How Texture Affects Hair Color
Very coarse hair has a slower, harder time absorbing color while fine hair receives color easily.
Porosity refers to hair’s ability to absorb liquid, and plays a significant role in the effect of permanent color. Increased porosity in hair is often the result of damage from heat styling, sun exposure, bleach, and other drying factors. It’s important to know one’s porosity level to not only care for one’s hair, but also prepare it for color.
To determine this, simply take a strand of hair and slide fingers from the end upward. If it feels rough, especially toward the ends, your hair is porous. You can help repair overly porous hair by using nourishing oils and deep conditioning treatments containing keratin to help repair any damage, as well as limiting exposure to harsh environments.
How Porosity Affects Hair Color
A porous strand of hair has a lifted or frayed cuticle, which means the hair shaft is not protected, making it easier for permanent hair color to penetrate the hair shaft and deposit a lot of color. This can further weaken already fragile strands and can affect the color result.

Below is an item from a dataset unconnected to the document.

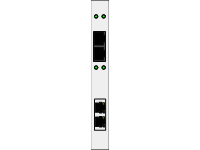 8500 Module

Hair that is not porous is called resistant, and often repels and requires more time to process. When coloring hair, it’s important to factor in the hair’s porosity. For highly porous hair, particularly the ends, choosing a shorter processing time will help provide rich, balanced color. For resistant hair, a longer processing time will ensure that color is properly absorbed, and that any grays are adequately covered.
Hygroscopicity is similar to porosity in that it measures the ability to absorb water vapor. It's what makes hair frizz in humidity.
Elasticity is the hair's ability to stretch and return to its original shape.